*** Opening of Supplied material ***

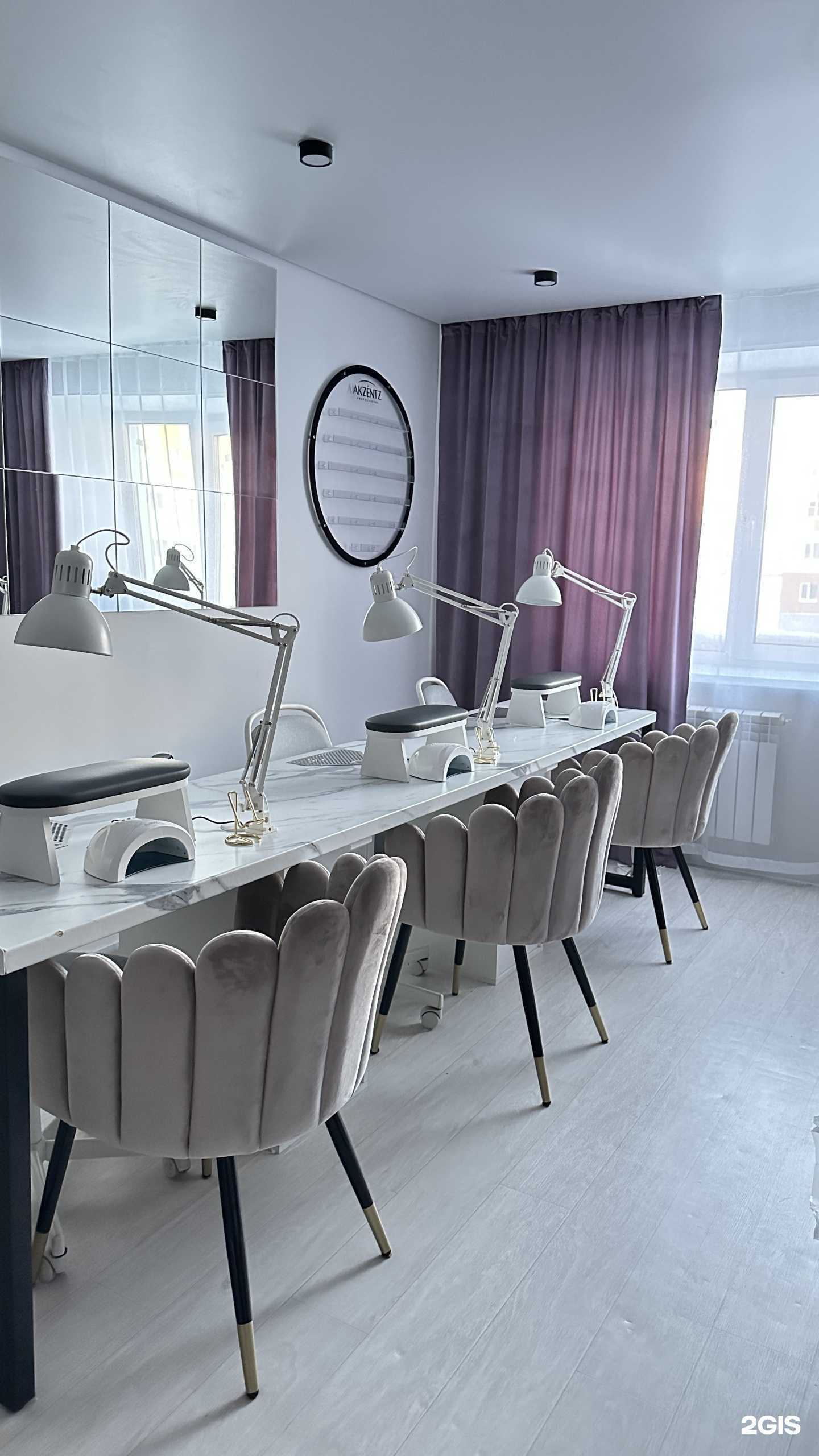 Отзывы на компанию Violet manicure в Норильске c фото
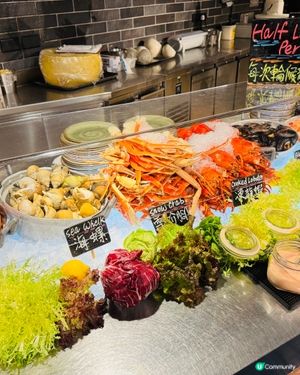 多謝ULifestyle•請我食自助餐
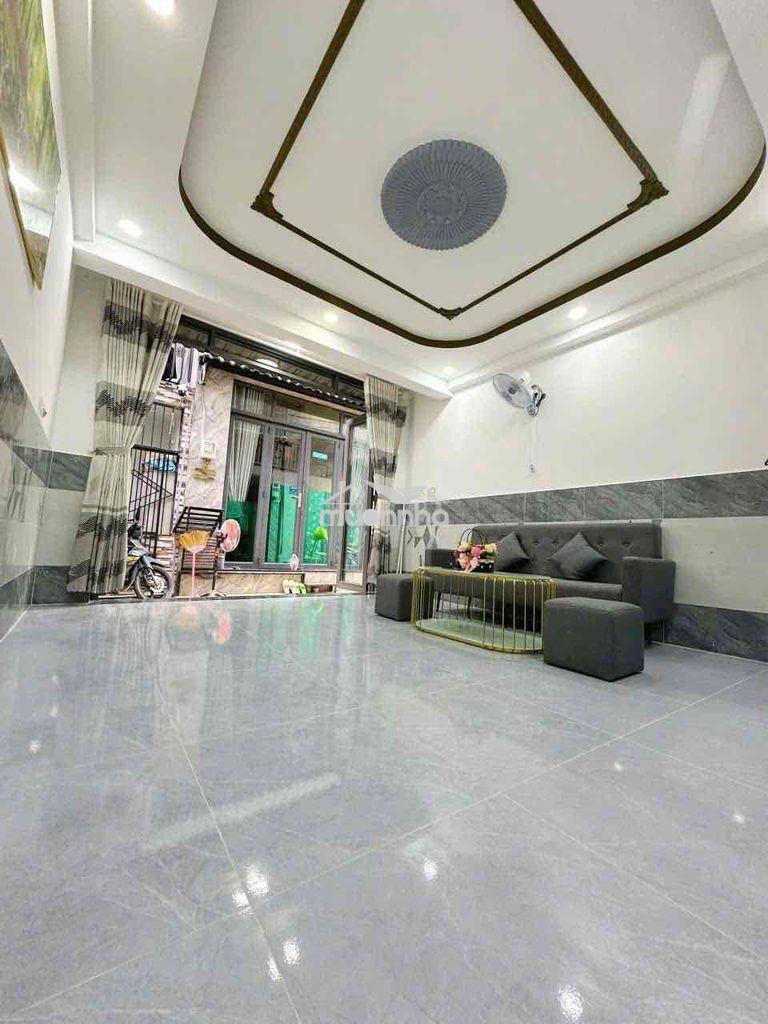Nhà tl15 2pn mới đẹp gần chung cư thạnh lộc - 2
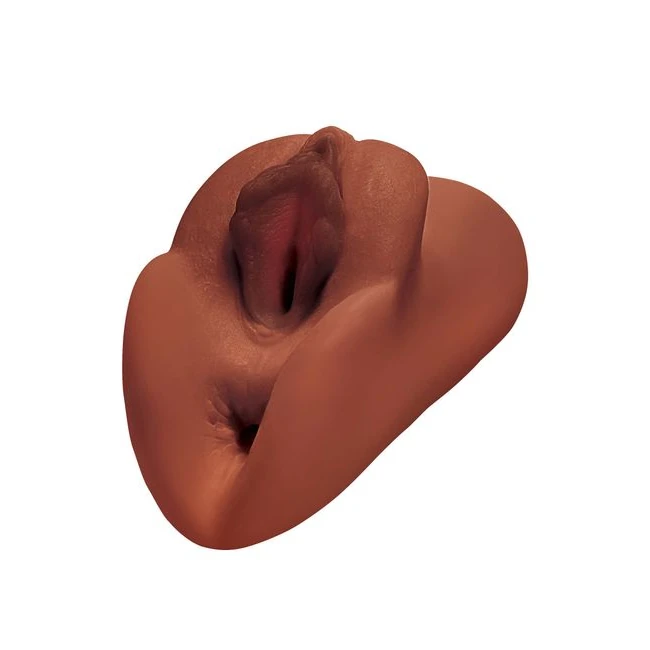 Pdx Plus Perfect Pussy Double Stroker - Material Feel and Color Options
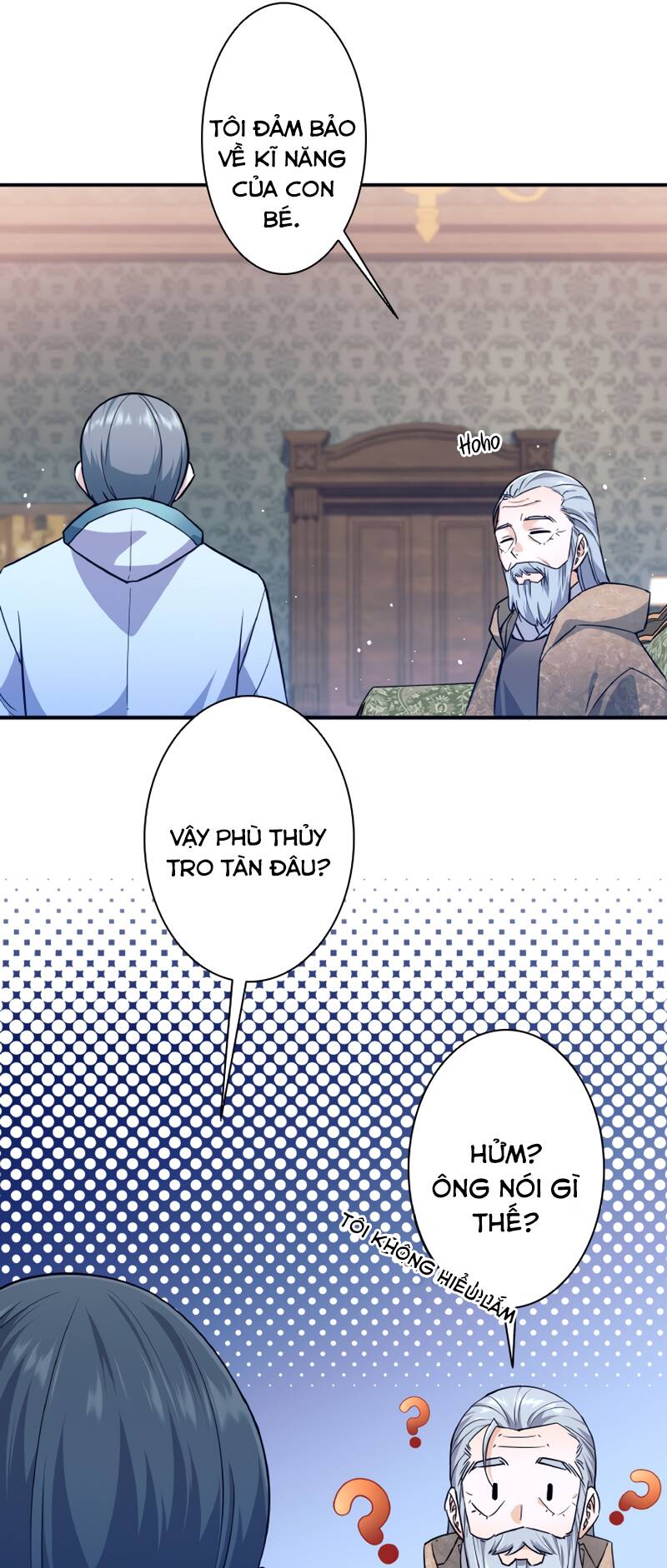 Tôi Đã Rời Khỏi Tổ Đội Anh Hùng! Chap 3.1 - Next Chap 4.1
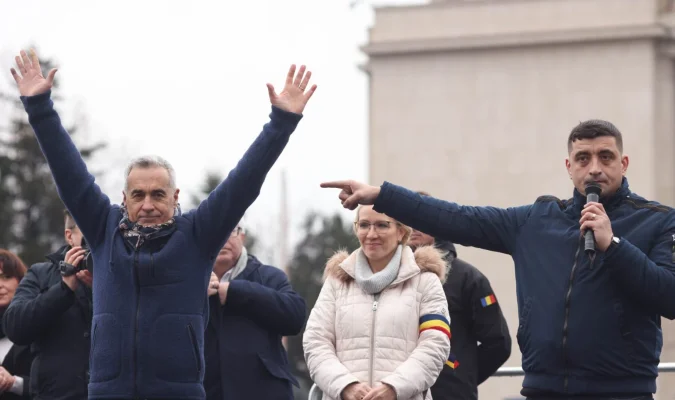 Călin Georgescu a călătorit în ianuarie 2016 la Moscova (RISE Project)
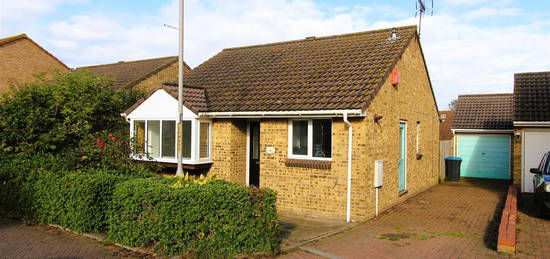 2 bed detached bungalow for sale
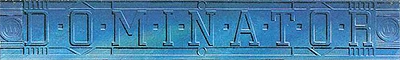 Dominator logo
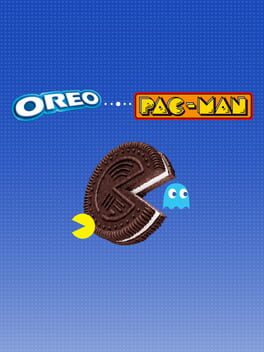 Oreo Pac-Man cover image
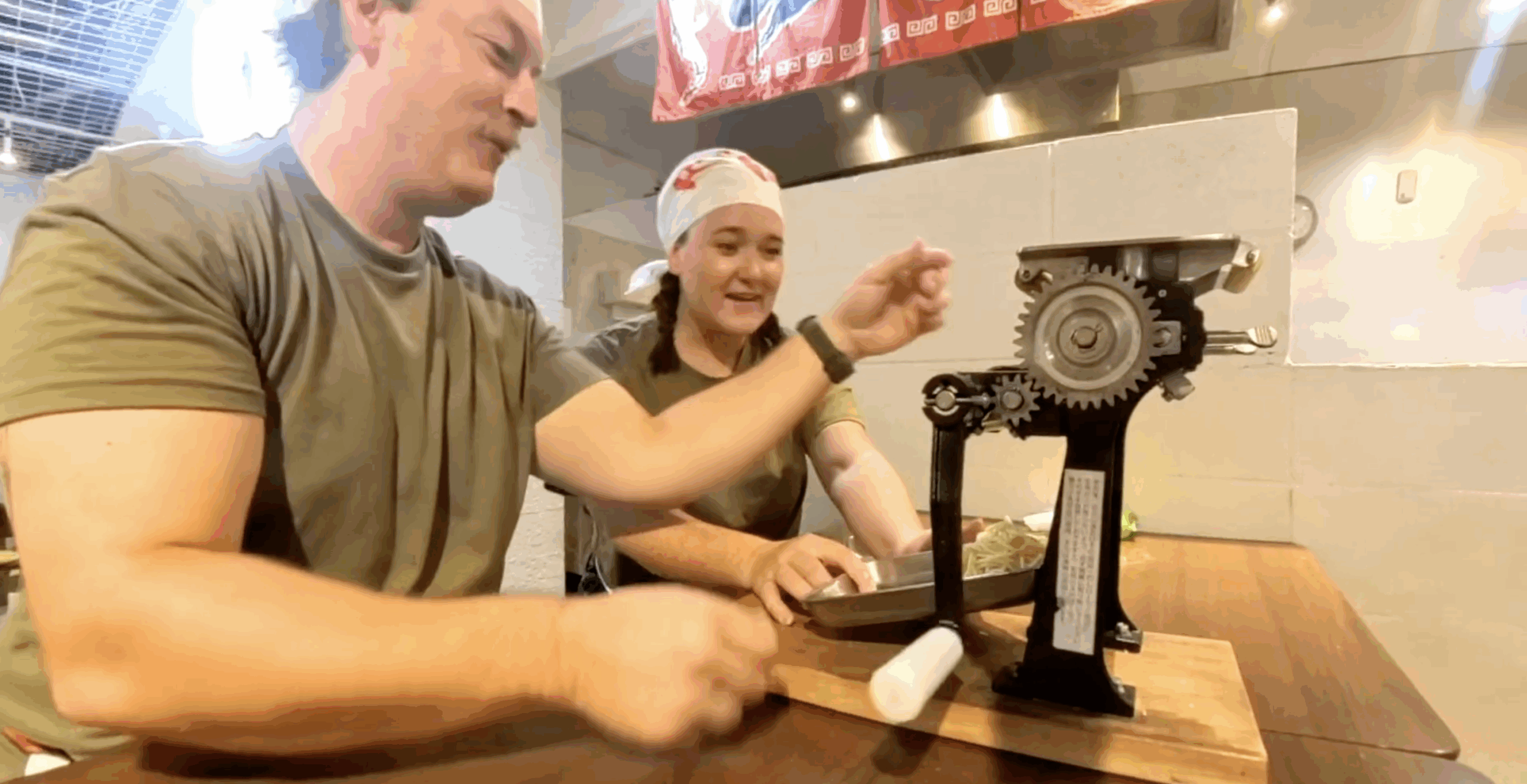 [Ramen Factory Kyoto]09103 | Japan Activity | Unique Culinary ...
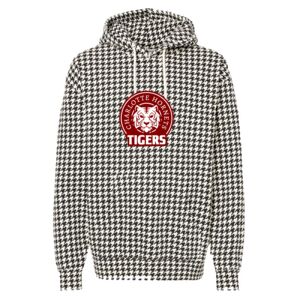 Independent Unisex Pullover Hoodie (Patterns) Thumbnail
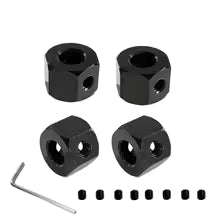 5mm to 12mm wheel hex adapter
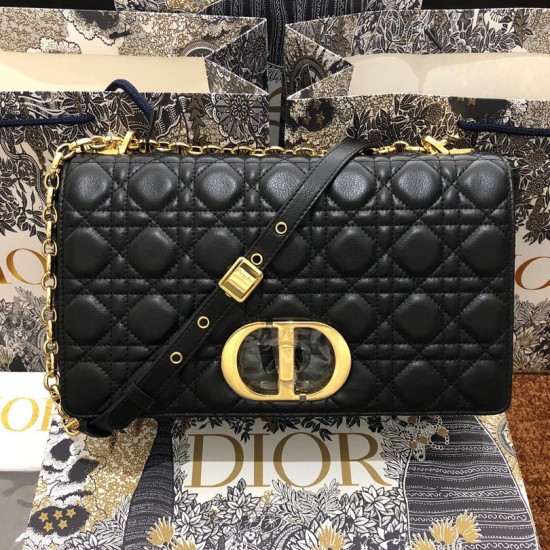 Fake Dior Caro Bag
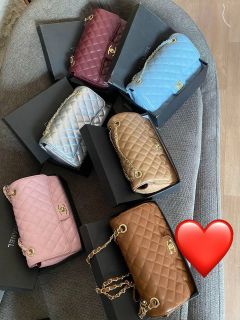 Bag & Wardrobe Pieces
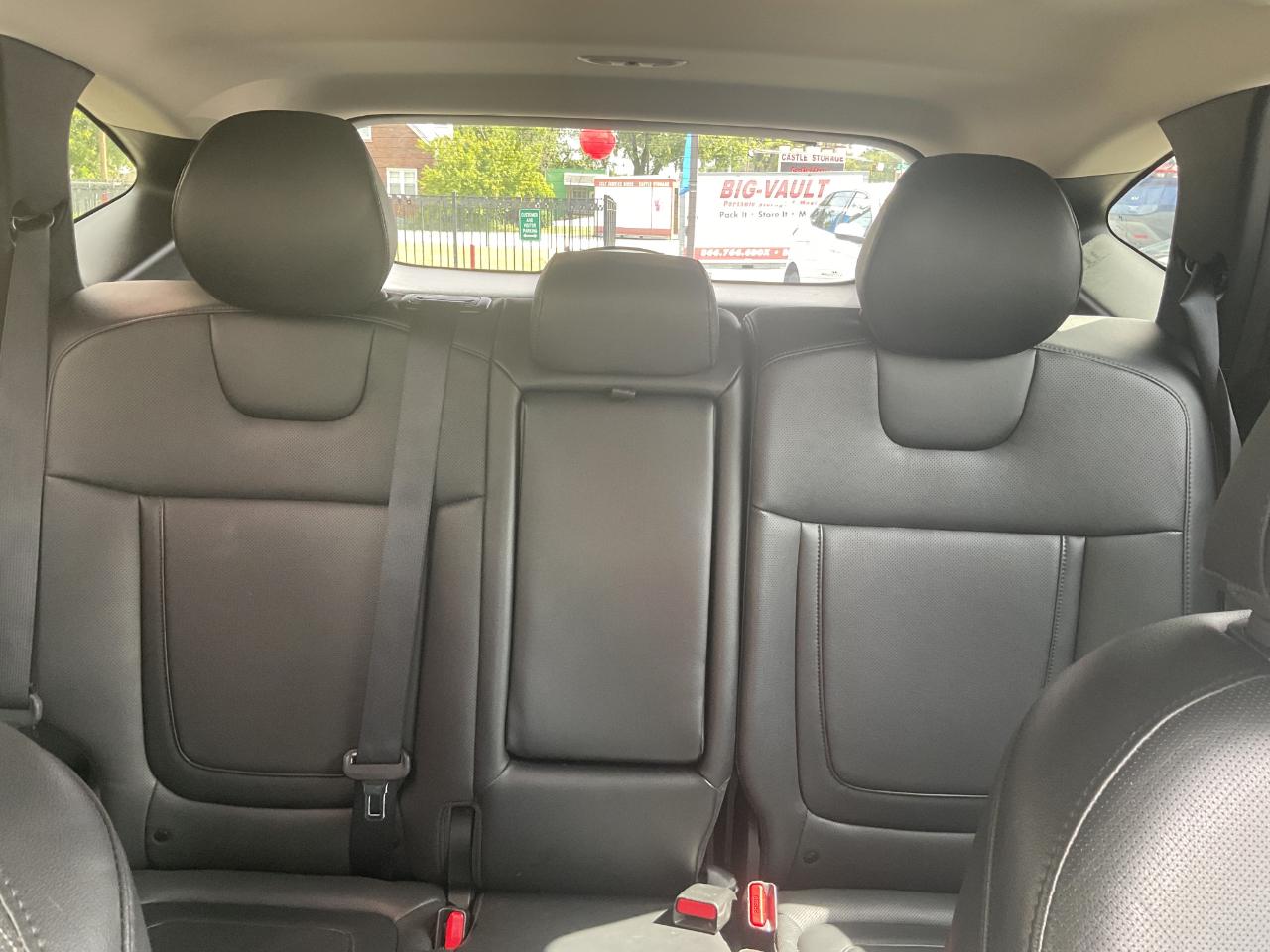 Hyundai Tucson Limited AWD 2024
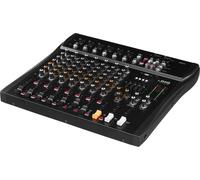 IMG MXR-80 mixer Audio 8 canali, Lettore MP3 e ricevitore Bluetooth 170194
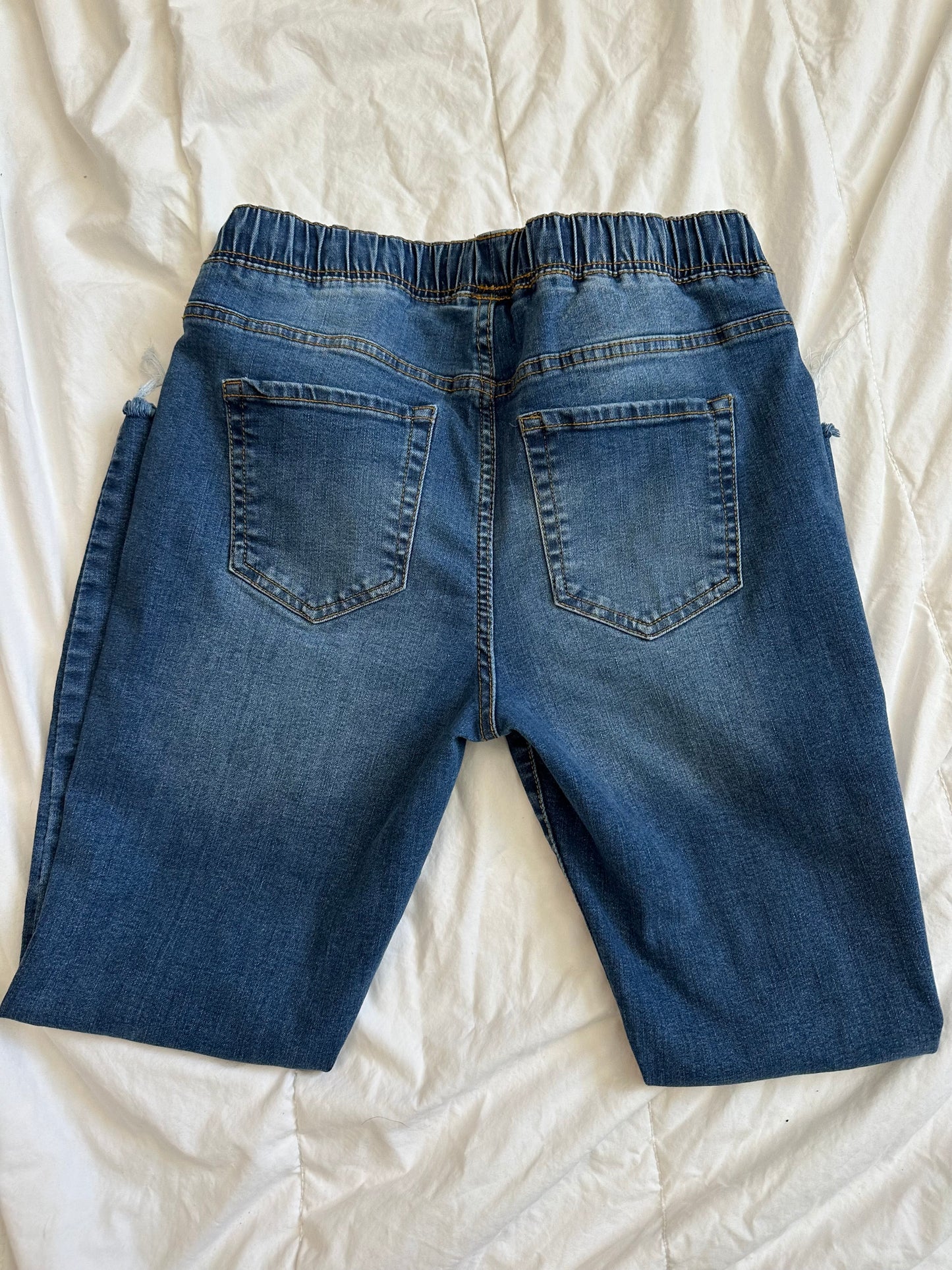 M RE generation Poppy Jeans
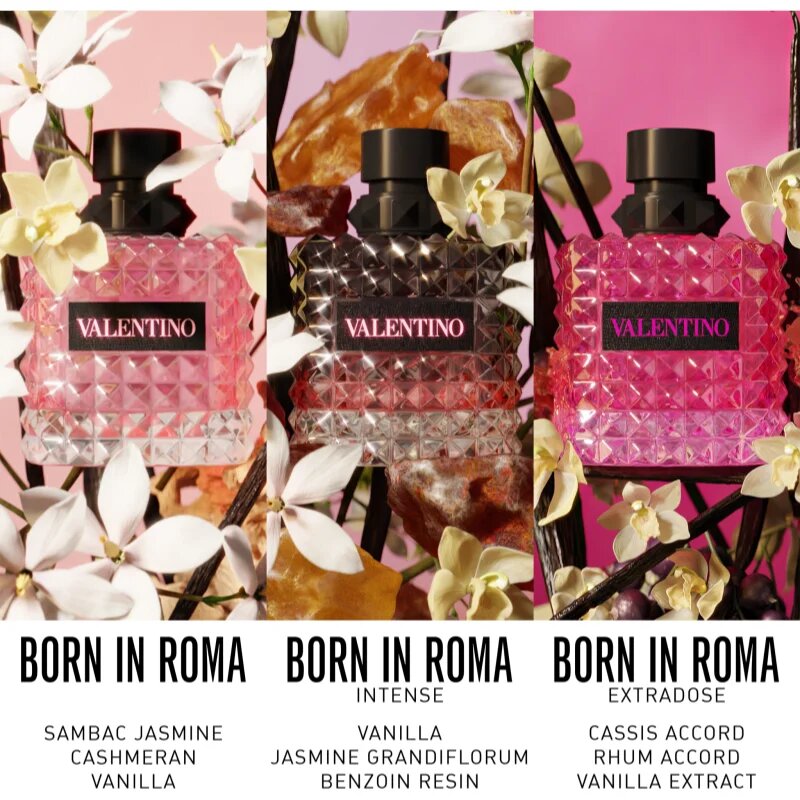 Valentino Born In Roma Extradose Donna parfum pentru femei 50 ml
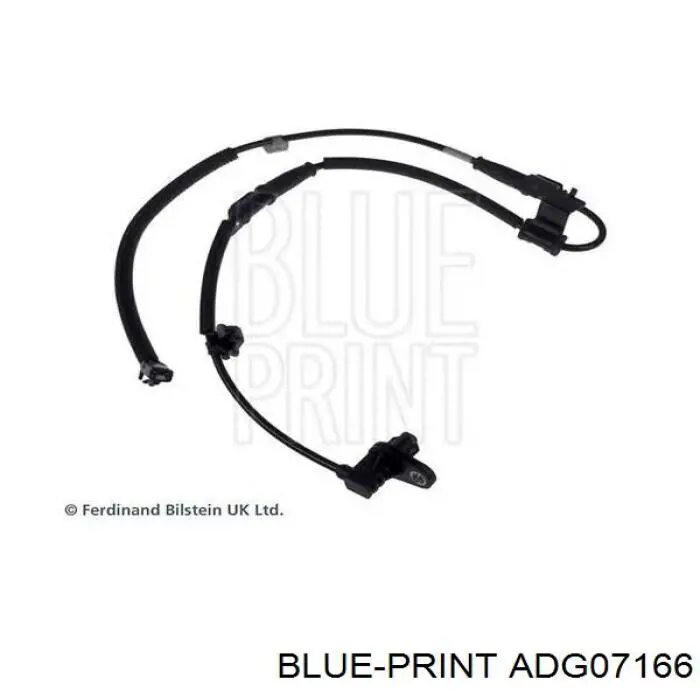 ADG07166 Blue Print sensor abs trasero derecho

*** Close of Supplied material ***

- [Aim of the task]: What is needed is an exact repetition of every entry, without the pictures.

- [Solution to this exercise]:
 Отзывы на компанию Violet manicure в Норильске c фото
 多謝ULifestyle•請我食自助餐
Nhà tl15 2pn mới đẹp gần chung cư thạnh lộc - 2
 Pdx Plus Perfect Pussy Double Stroker - Material Feel and Color Options
 Tôi Đã Rời Khỏi Tổ Đội Anh Hùng! Chap 3.1 - Next Chap 4.1
 Călin Georgescu a călătorit în ianuarie 2016 la Moscova (RISE Project)
 2 bed detached bungalow for sale
 Dominator logo
 Oreo Pac-Man cover image
 [Ramen Factory Kyoto]09103 | Japan Activity | Unique Culinary ...
 Independent Unisex Pullover Hoodie (Patterns) Thumbnail
 5mm to 12mm wheel hex adapter
 Fake Dior Caro Bag
 Bag & Wardrobe Pieces
 Hyundai Tucson Limited AWD 2024
 IMG MXR-80 mixer Audio 8 canali, Lettore MP3 e ricevitore Bluetooth 170194
 M RE generation Poppy Jeans
 Valentino Born In Roma Extradose Donna parfum pentru femei 50 ml
 ADG07166 Blue Print sensor abs trasero derecho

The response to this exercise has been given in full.